Election-forecasting models rely on our ability to put the current political environment in the context of the past. By definition, the underlying statistical models only work if the data we’re using to measure those environments are similarly predictive over time. If the connection between the economy and election outcomes breaks down, for example, the models will fail.
The hope is that polls this time will fit into that historical context. Forecasting models work by simulating a reasonable amount of error (“reasonable” based on the historical distribution of error in the polls) around the average of public polling. If something happens to the polls or the electoral environment to cause them to not be predictive of peoples’ preferences—say, a pandemic that causes a 2-3 percentage point dip for the incumbent president, or polls that overestimate the share of Republicans or Democrats in the electorate—then using that historical distribution error might be misguided.

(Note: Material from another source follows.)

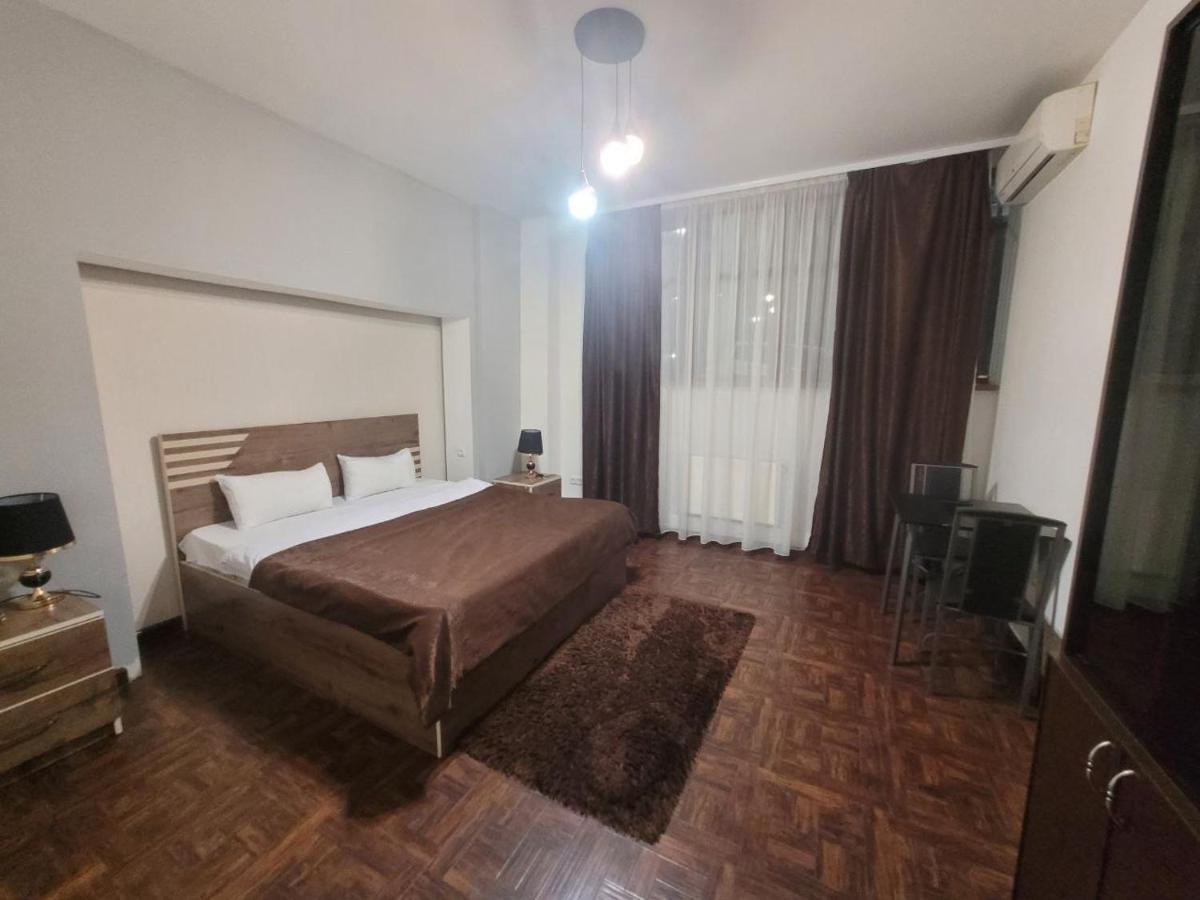 Hotel In Center Of Yerevan Exterior photo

But we can still rely on that historical distribution to ask the question of how likely a large polling error is to occur. Right now, with Joe Biden up about 9 points in a simple average of the polls, Trump would need a roughly 6-7 point swing in his favor (accounting for a 2-3 bias toward Republicans in the electoral college) to win the election. That swing is a product of two types of error in how well polls now predict election-day results: (a) error from potential movement in the national political environment and (b) error from the potential failure of polls to anticipate the demographic and political composition of voters.

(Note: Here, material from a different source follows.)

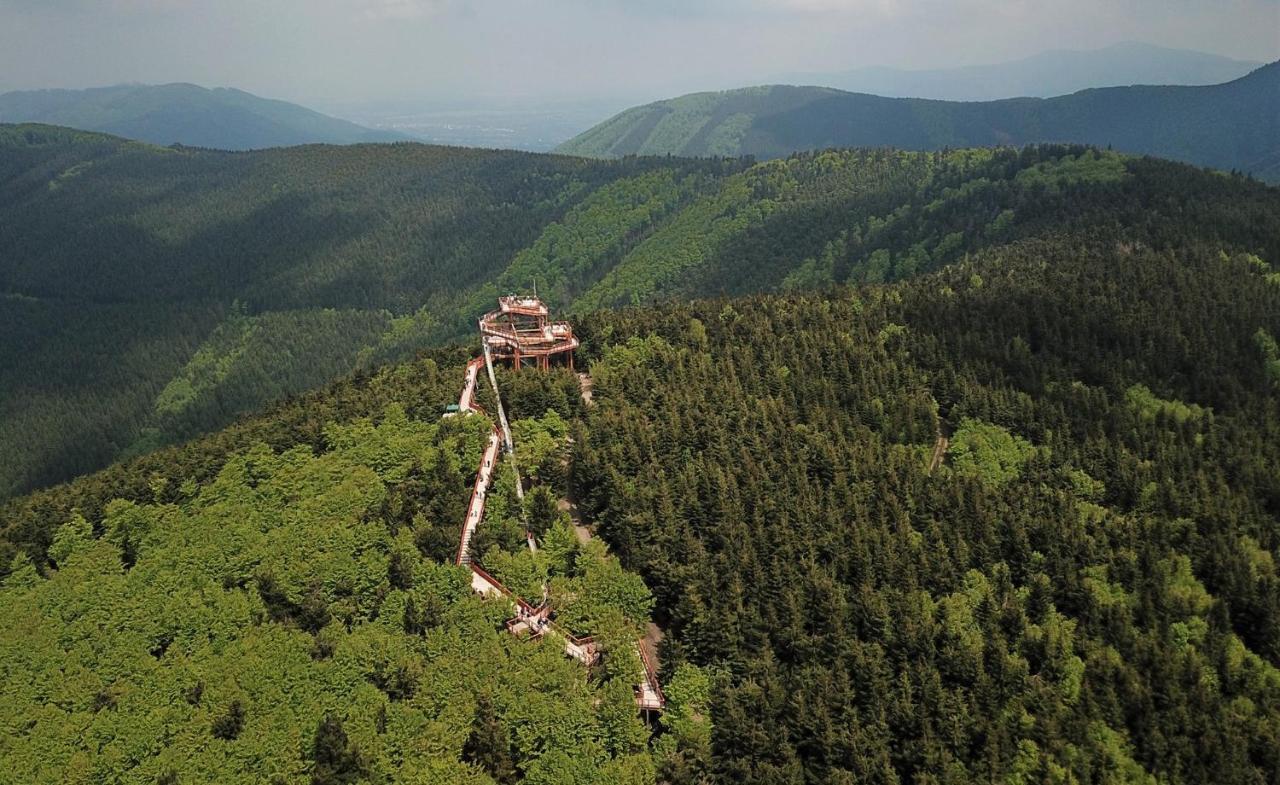 Penzion A Restaurace Stare Casy Horní Bečva Buitenkant foto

So, how likely is a 6-7 point error in today’s polling average? We can derive that likelihood from the historical distribution of error in polling averages calculated four months out from election days between 1980 and 2016. That distribution takes the shape of normal distributio n centered at 0, with a standard deviation of the root-mean-square error of the past polling averages. That root-mean-square error looks like this:
The lines above show the estimated root-mean-square error in the polling averages for three sets of election cycles: each since 1980, 2000, and 2008. One thing you can immediately notice is that polls today are about 1.5-2x as accurate as they were if you include the misses in the 80s and 90s, too.
From here it’s a simple task of statistics and calculating the area under a curve. At 130 days before the election…

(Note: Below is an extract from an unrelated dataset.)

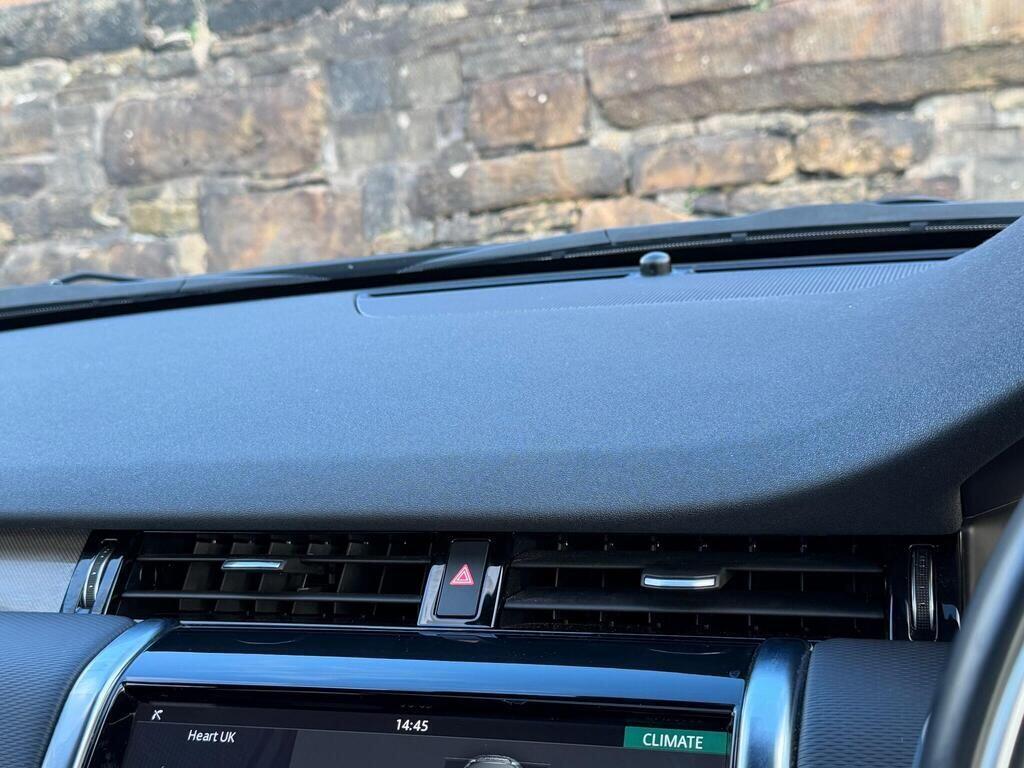 Land Rover Discovery Sport view 27
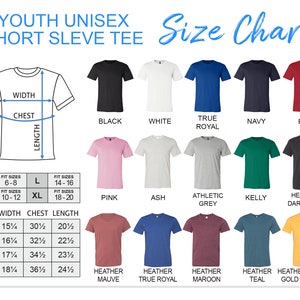Pu&ograve; includere: Tabella delle taglie per maglietta a maniche corte unisex per bambini con misure in pollici. La tabella mostra diversi colori di magliette, tra cui nero, bianco, blu reale, blu navy, rosso, rosa, cenere, grigio atletico, kelly, grigio scuro melange, malva melange, blu reale melange, bordeaux melange, verde acqua melange, giallo oro melange (giallo).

• The chance that a candidate who is 9 percentage points ahead in national polls would end up with a vote margin below 3 points is 15%, conditional on the distribution of polling error since 1980
• The chance that a candidate who is 9 percentage points ahead in national polls would end up with a vote margin below 3 points is 10%, conditional on the distribution of polling error since 2000
• The chance that a candidate who is 9 percentage points ahead in national polls would end up with a vote margin below 3 points is 3%, conditional on the distribution of polling error since 2008
Today, according to the full-range of polling errors in the dataset, we give the polling average a margin of error of 11 percentage points. One other way to look at the current election is: what would the root-mean-squared polling error have to be to give Trump a reasonable (>25%?) chance of winning the election? According to this math, about 9 percentage points—or 1.5x the amount of error in polling averages since 1980 and 3x the expected polling error since 2008.
This all to say that it’s pretty unlikely Trump will win. He would have to pull off an upset an order of magnitude better than his 2016 victory to be re-elected, according to the historical reliability of political polls. I don’t think such a swing is likely (by definition of the margin of error defined above) but I’m willing to hear data-driven arguments about why polls will misfire again this year.